Our first semester students were able to get acquainted with the Raspberry Pi and learn some programming. It was a tangle of wires to connect the Pi's to our existing lab but well worth it.




Friday, January 30, 2015

Partnering with Third Graders

Students sharing their findings with Mrs. Bourque.
As part of the grant, our third graders will play an active role. Their first role is to help us research the birds in New Hampshire and give us any recommendations for the birdhouses before we install them outside. I visited Deb Bourque's third grade class to present the project and to ask students to help with the research.

To give them a platform for presenting, we utilized iPads to create a brief presentation to teach the class what they learned. The apps for presenting were Tellagami, PicStitch, and Puppet Pals.

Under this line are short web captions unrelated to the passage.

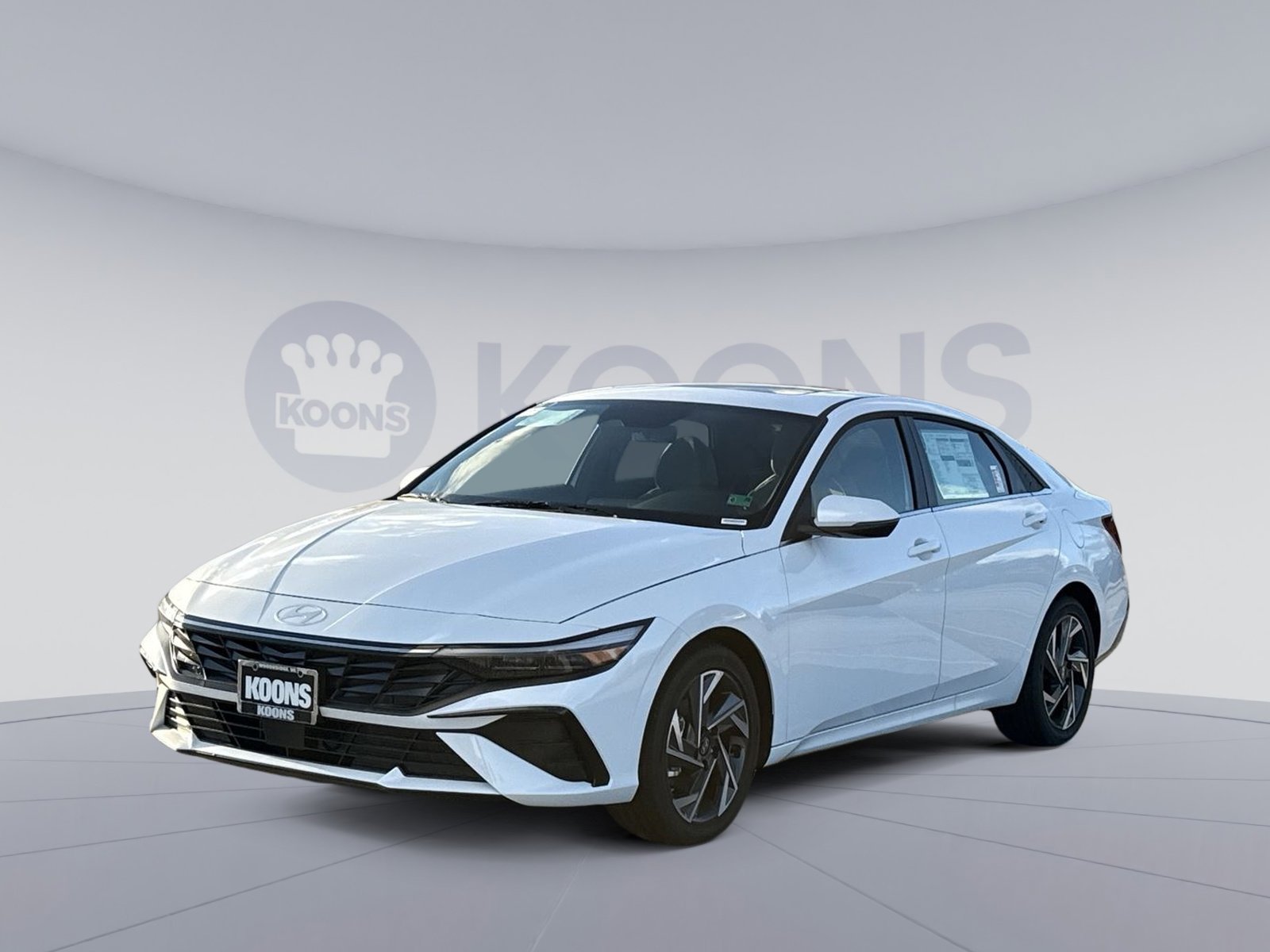 New 2025 Hyundai Elantra Limited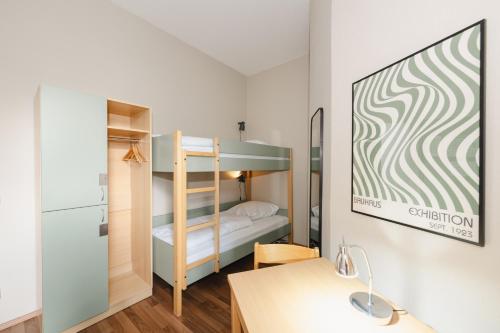 Sleepy Lion Hostel Youth Hotel & Apartments Leipzig - image 11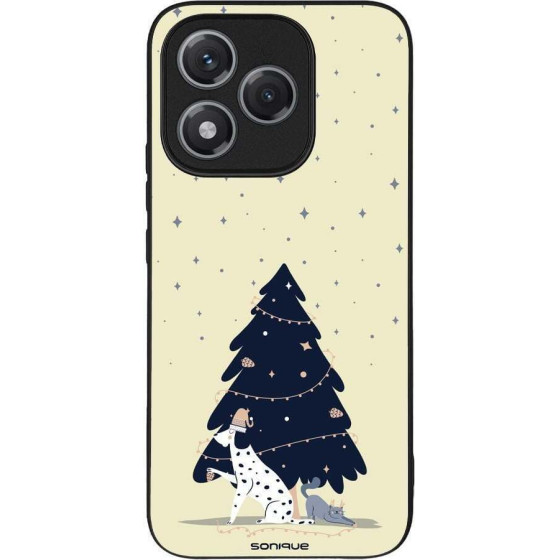 Sonique ���� Christmas Series ��� Honor 400 Lite 5G Happy Pets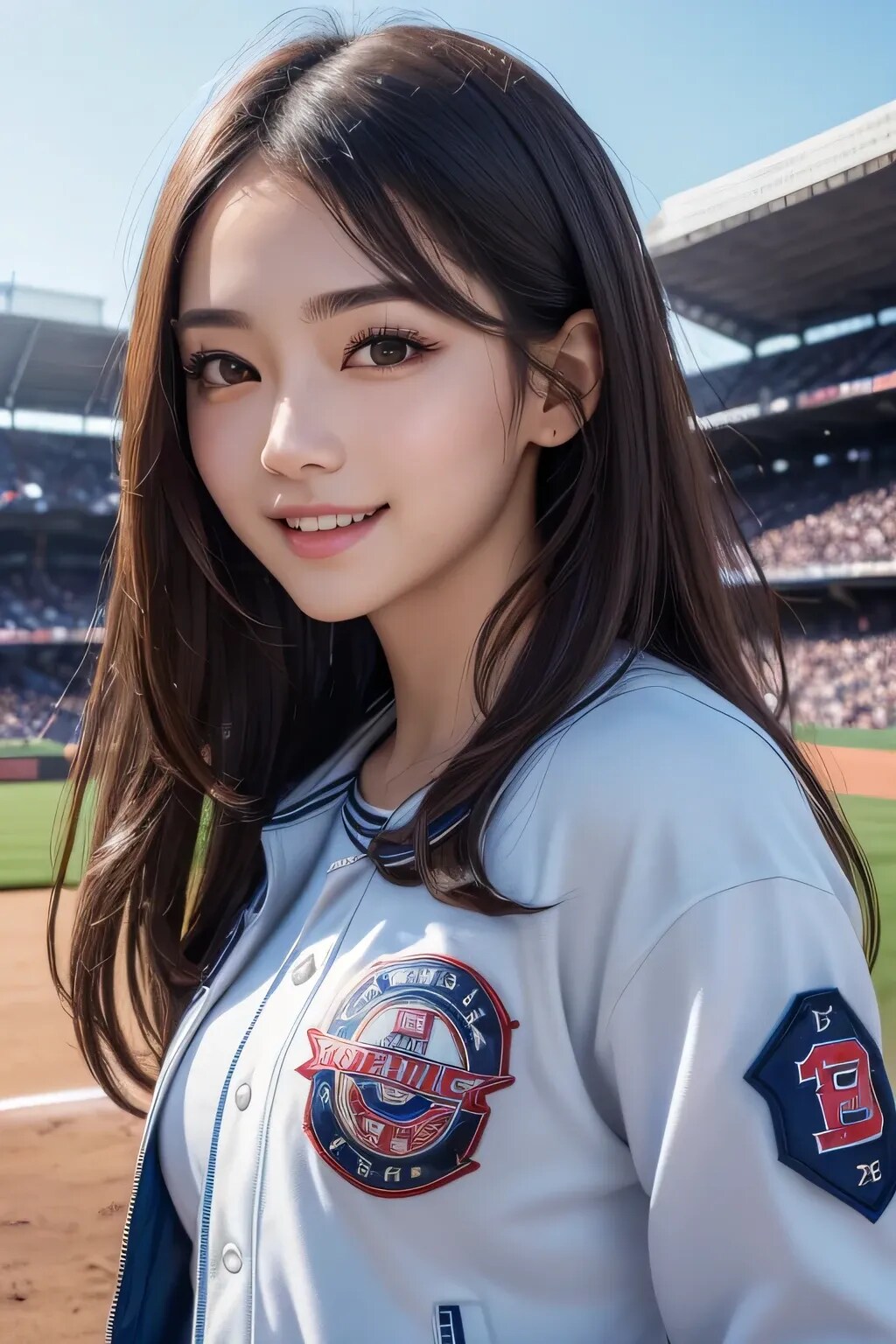 野球観戦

Students researching birds native to New Hampshire.




Student Examples:



Monday, January 19, 2015

Pi's, Finches and Scratch

Today students worked with Finch Robots, Raspberry Pi's and the program Scratch. Scratch is a simple introduction to programming on the Pi before we ask students to start using Python. It is is installed on the NOOBS image that Raspberry Pi recommends you use. The Raspberry Pi organization offers a downloadable menu for programming with Scratch on the Raspberry Pi. http://pi.cs.man.ac.uk/download/Raspberry_Pi_Education_Manual.pdf



The Finch Robots were part of a loaner program through the BirdBrain Technology. The company has allowed 50 of their robots to travel to schools to celebrate Hour of Code. When the Finch Robots arrived, we realized they might have some interesting applications with the existing Pi's we were using. The Finch must be connected to a computer via a usb cord in order to run. They are tethered robots but with a Raspberry Pi you can tether the computer to the top of the Finch and run it's programs from there.

By the end of class, students had created a program with Scratch to control a virtual sprite on the screen or the actual Finch Robot rolling on the floor. Some students explored the idea of sensors and LED's through the friendly bird shaped robot which will be a great segway as we begin to talk about sensor and camera integration with the birdhouses.